Last week, we considered how by extending our senses, technologies change our thinking. They don’t literally re-write how we think in our brains directly, but by giving us a new “grammar,” they do nudge us in different directions. We used the example of learning to think in “car” and how, through learning how to drive, we become one with the car.
When we think about it, this makes sense. Lance Strate notes,
Beyond the basic operation of devices, Mumford… argued that every technology is the materialization of an idea… he explains that the first machine was organized human labor, and along similar lines, the invention of the algorithm, as a fixed set of steps for obtaining a certain result, long preceded the invention of the programmable computer.1
So again, as we stop and consider this thought for a moment, this follows.

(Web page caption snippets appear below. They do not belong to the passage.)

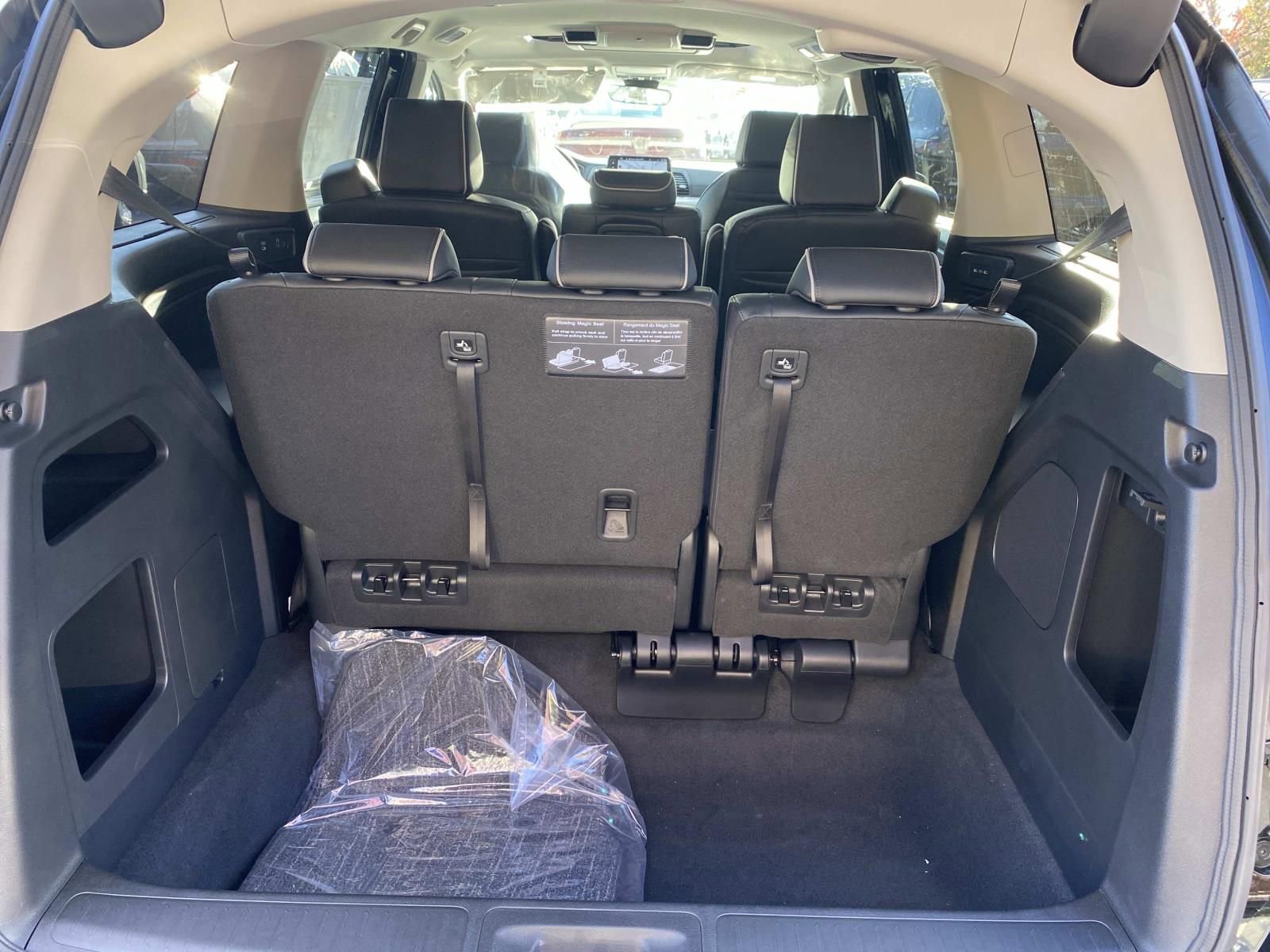 New 2026 Honda Odyssey Touring image 5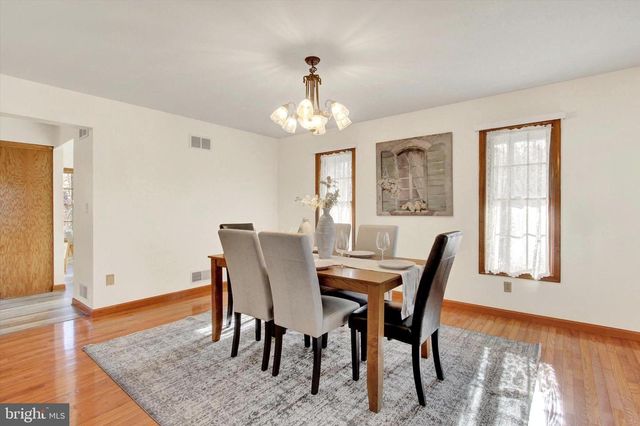 3674 EAGLE RIDGE CT, Hanover, PA 17331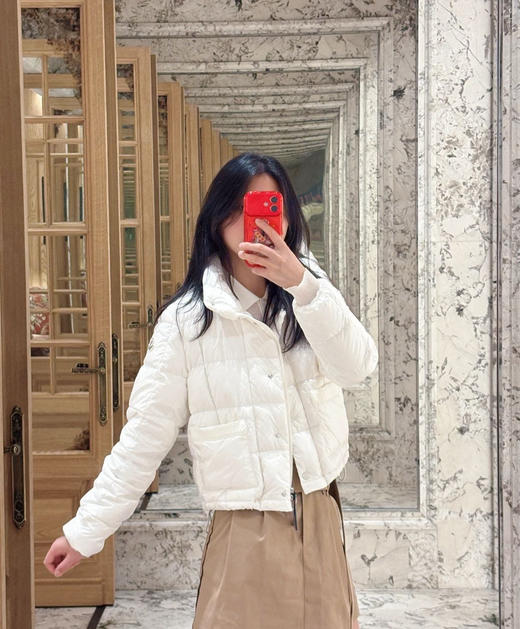 帮工厂亏清 别退换 忙可白色 鹅绒轻羽绒 短款 3码适合135以内 商品图3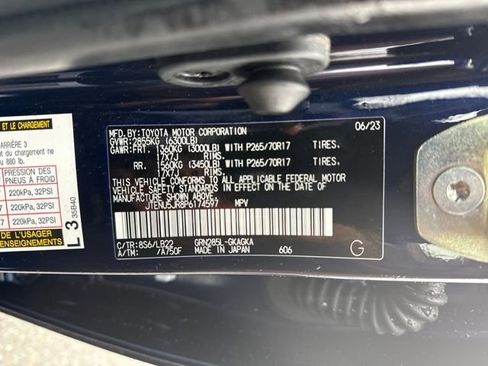 Used 2023 Toyota 4Runner SR5 Premium image 18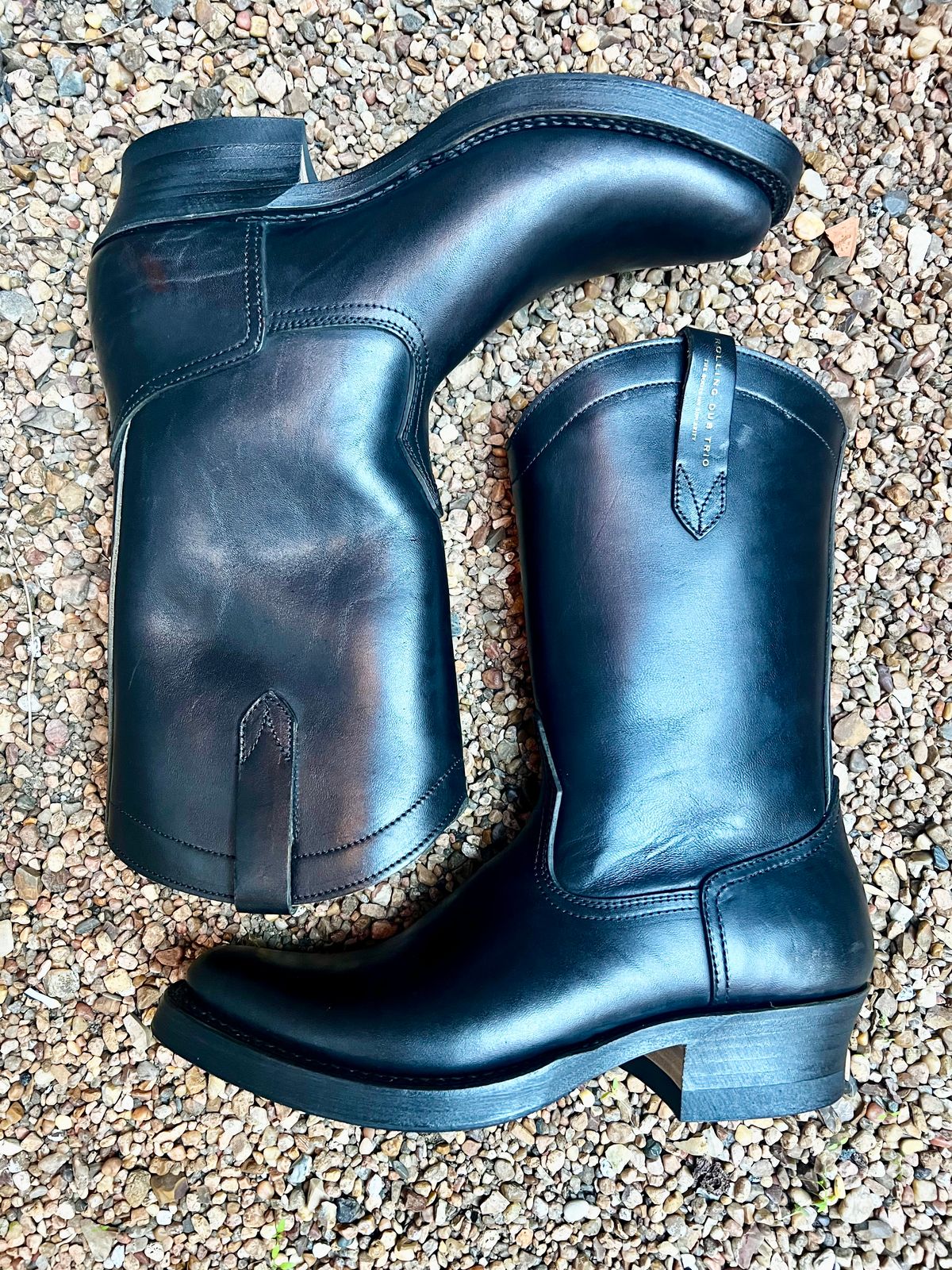 Photo by central209 on November 5, 2025 of the Rolling Dub Trio Loro Western Boot in Black Horse Butt #1010.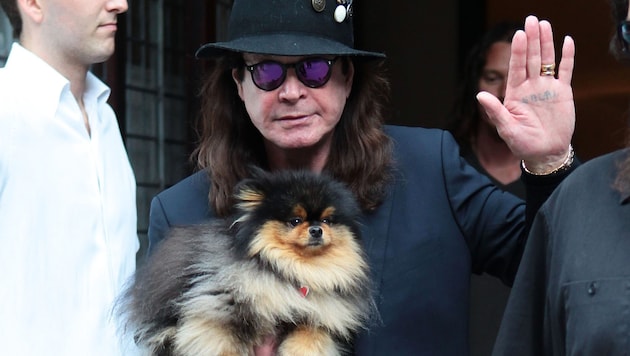 Ozzy Osbourne muss sich von seinem Hündchen „Rocky“ verabschieden. (Bild: Photo Press Service)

The idea behind the car could be articulated that “we should be able to go faster than a horse.” The idea behind the phone is perhaps that “being able to talk to others over a long distance is good.” And the idea behind the internet is, perhaps, “the free sharing of information is good.”
For every tool we use, there is an idea behind it.
Strate continues,
Postman (1992) also argued that every technology represents an ideology, and Mumford (1934) in particular contrasted the ideology of the machine with the organic ideology inherent in simpler kinds of tools and containers, an ideology he had hoped would be recaptured through electrical technology.2
So if we can get to the notion that every technology we use has an idea behind it, then we must be able to recognize that collectively these technologies build ideologies in our minds. Again, this is not that they are literally rewriting our brain, but collectively, over time, their effects add up and cause us to drift in certain directions.3
And technologies aren’t simply physical or electric tools we use.

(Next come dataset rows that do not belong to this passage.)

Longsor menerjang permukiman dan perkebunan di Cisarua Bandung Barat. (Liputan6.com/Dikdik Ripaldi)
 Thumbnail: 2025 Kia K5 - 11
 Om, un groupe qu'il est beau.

…the assembly line is a technique that can be applied to converter belts or fast food counters, just as the alphabet is a technique that can be used in conjunction with pen and paper, moveable type or electrons and photos. A medium, then, can refer to any means or method, and recall that McLuhan’s famous aphorism was derived, at least in part, from the quote by the anthropologist Ashley Montagu (1958): “in teaching it is the method and not the content that is the message” (p. 62).4
So here we arrive back at a well-trod notion: As we shape our environment, it shapes us back.
However here, we actually can add a bit more to it. As we’ve been discussing, it’s not simply that our environment alone that is shaping us.

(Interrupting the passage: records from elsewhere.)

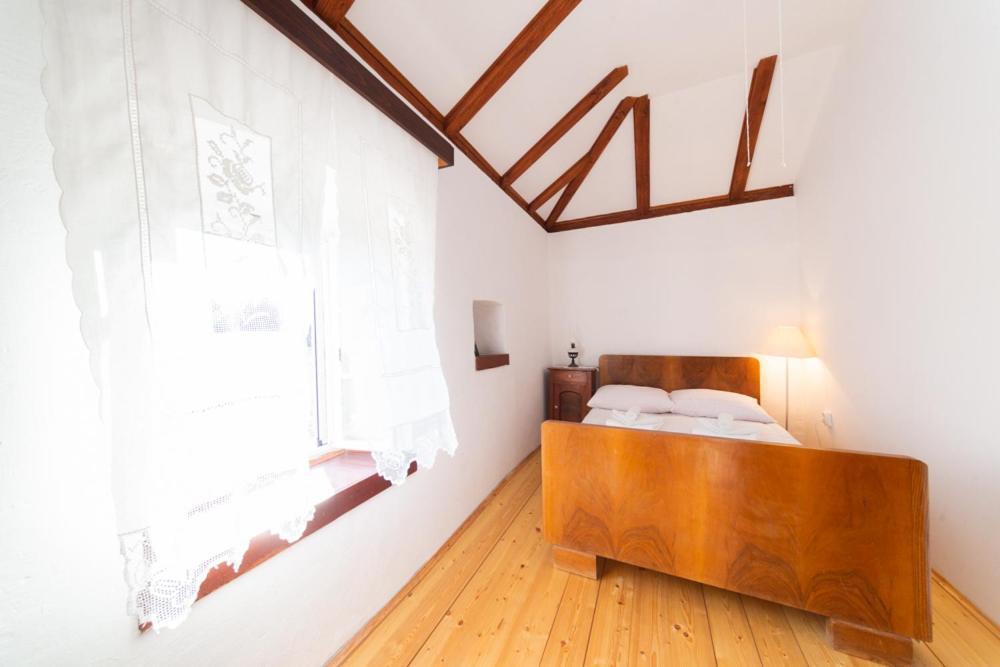 Holiday Home Burba Комижа Экстерьер фото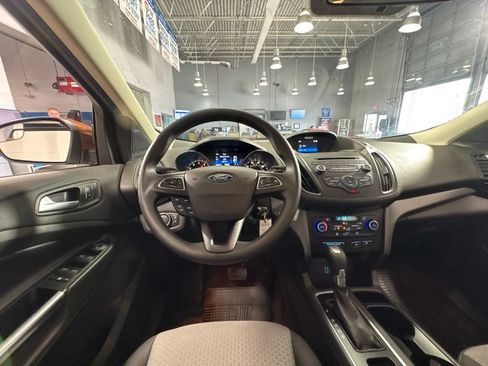 Used 2017 Ford Escape SE AWD/4WD image 23
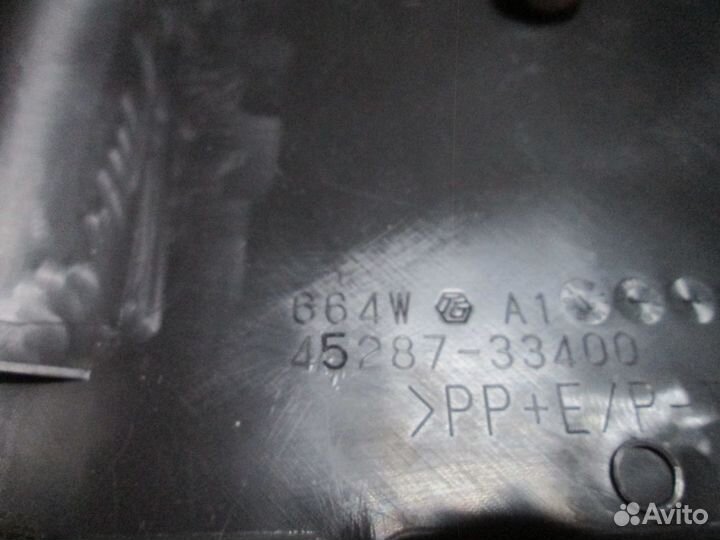 Накладка колонки рулевой Toyota Camry V70 Тойота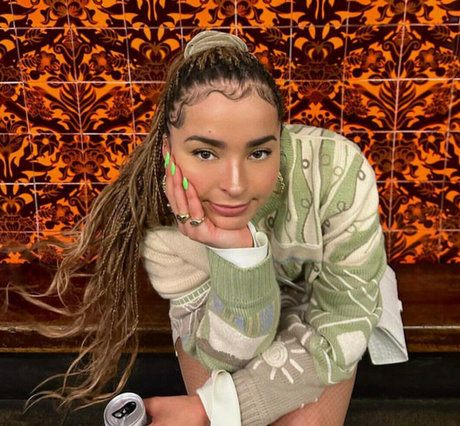 Ella Eyre porno xxx archiv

The tools we use to shape our environment also shape us, along with the environment.
When I say environment, I’m speaking more broadly than what we might call “nature;” I’m talking about all the circumstances that we might find ourselves in.
So technology can perhaps be thought of then as a container of an idea or an ideology, and in that way, so can an environment itself.
Strate helps us out here:
Viewing all technology as containers rather than extensions is useful in clarifying the idea that technologies are not simply objects that we use, or objects within our environment, or even objects that are a part of our environment, but that they constitute environments individually and collectively. Put another way, as an extension, a technology mediates between ourselves and our world, extending us in one sense, while in another sense, as an amputation, coming between us and our world.5
Whew. Let’s take a moment here. Re-read that one a time or two and let it sink in.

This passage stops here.